Data under study -

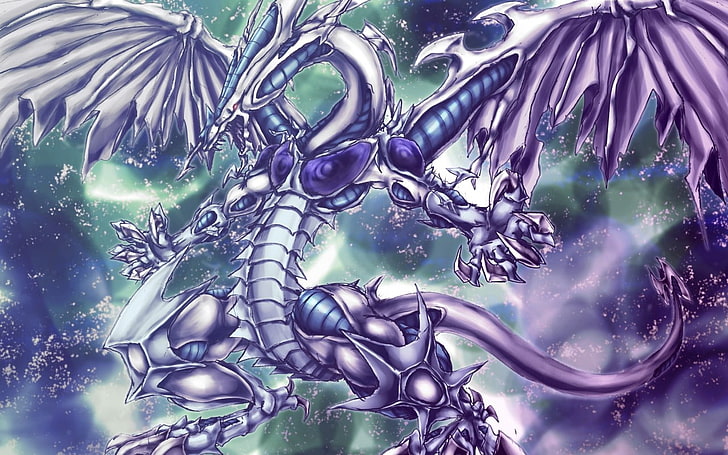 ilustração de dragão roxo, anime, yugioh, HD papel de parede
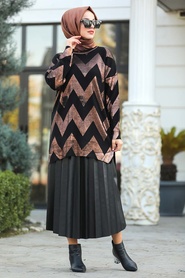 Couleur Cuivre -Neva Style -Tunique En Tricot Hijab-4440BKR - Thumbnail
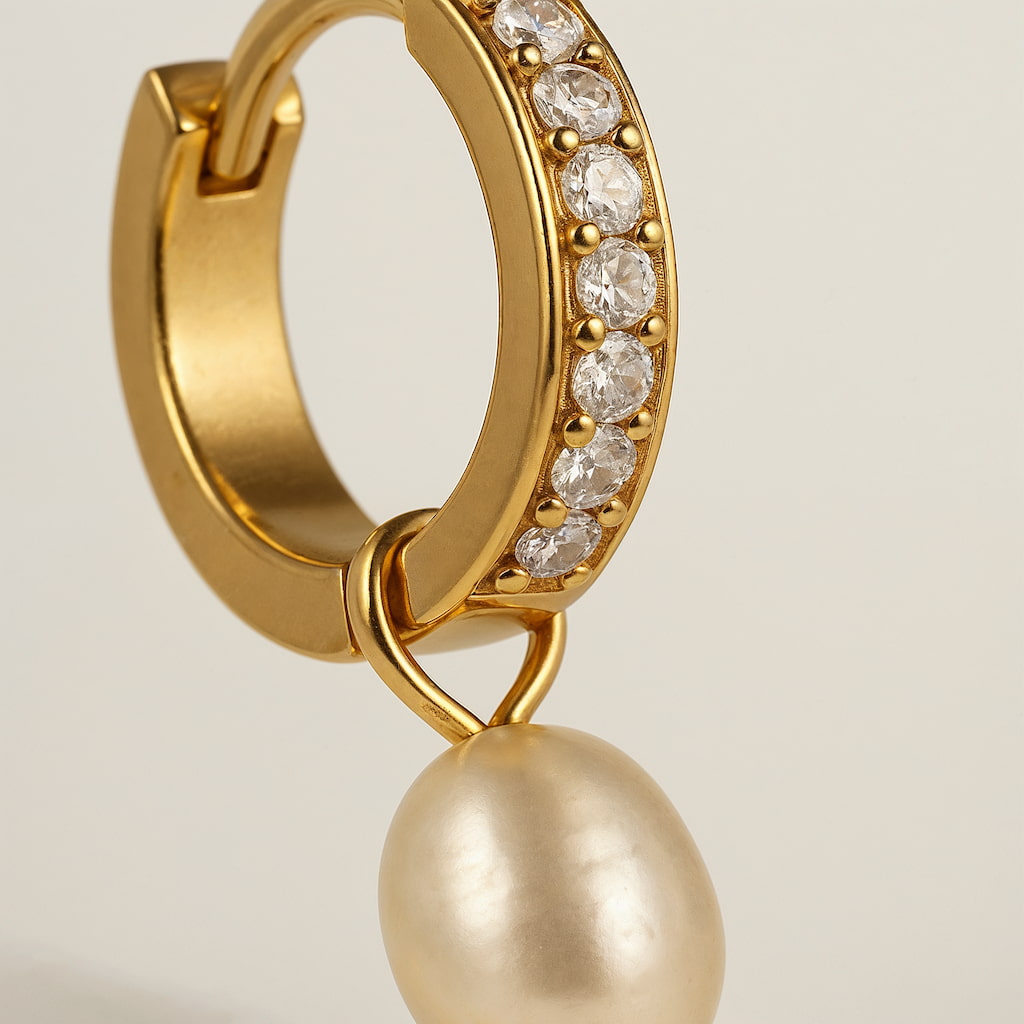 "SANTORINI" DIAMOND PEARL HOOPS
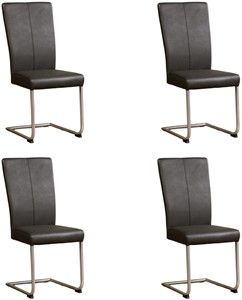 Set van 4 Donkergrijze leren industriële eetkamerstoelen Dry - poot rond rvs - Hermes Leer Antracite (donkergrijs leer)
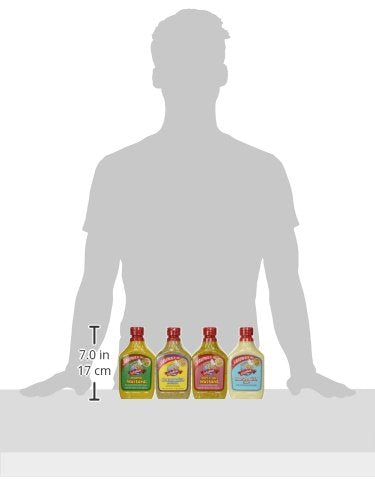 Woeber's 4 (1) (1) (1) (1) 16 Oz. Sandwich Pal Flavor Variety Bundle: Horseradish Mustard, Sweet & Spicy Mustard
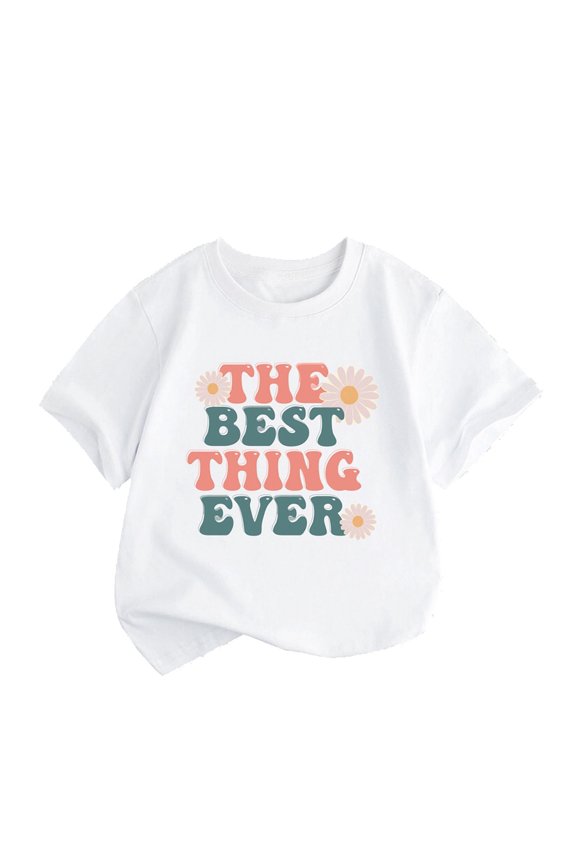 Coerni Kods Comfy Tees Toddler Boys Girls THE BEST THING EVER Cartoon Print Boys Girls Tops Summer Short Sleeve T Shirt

How to complete this task -
What you return should match the entries word for word, pictures aside.

Written response -
 ilustração de dragão roxo, anime, yugioh, HD papel de parede
 Couleur Cuivre -Neva Style -Tunique En Tricot Hijab-4440BKR - Thumbnail
 "SANTORINI" DIAMOND PEARL HOOPS
 Set van 4 Donkergrijze leren industriële eetkamerstoelen Dry - poot rond rvs - Hermes Leer Antracite (donkergrijs leer)
 Woeber's 4 (1) (1) (1) (1) 16 Oz. Sandwich Pal Flavor Variety Bundle: Horseradish Mustard, Sweet & Spicy Mustard
 Coerni Kods Comfy Tees Toddler Boys Girls THE BEST THING EVER Cartoon Print Boys Girls Tops Summer Short Sleeve T Shirt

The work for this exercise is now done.